# [Work instruction]
In the listing below, find the line containing "Raven Moon Gothic" and the line containing "Aloha Hawaii Cowboys". Repeat exactly those two lines and every line between them.

** Opening Data for processing block **

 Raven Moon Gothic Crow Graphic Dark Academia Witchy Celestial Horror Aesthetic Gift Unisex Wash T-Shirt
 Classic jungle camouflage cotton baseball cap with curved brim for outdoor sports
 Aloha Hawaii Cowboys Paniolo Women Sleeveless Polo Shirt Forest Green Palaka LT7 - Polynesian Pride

** Closing Data for processing block **
** Opening Data for processing block **

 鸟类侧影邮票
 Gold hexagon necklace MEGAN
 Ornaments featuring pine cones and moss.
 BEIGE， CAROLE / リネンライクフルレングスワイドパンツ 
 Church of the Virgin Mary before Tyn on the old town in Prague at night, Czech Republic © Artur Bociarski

** Closing Data for processing block **

# [Answer to the problem]
 Raven Moon Gothic Crow Graphic Dark Academia Witchy Celestial Horror Aesthetic Gift Unisex Wash T-Shirt
 Classic jungle camouflage cotton baseball cap with curved brim for outdoor sports
 Aloha Hawaii Cowboys Paniolo Women Sleeveless Polo Shirt Forest Green Palaka LT7 - Polynesian Pride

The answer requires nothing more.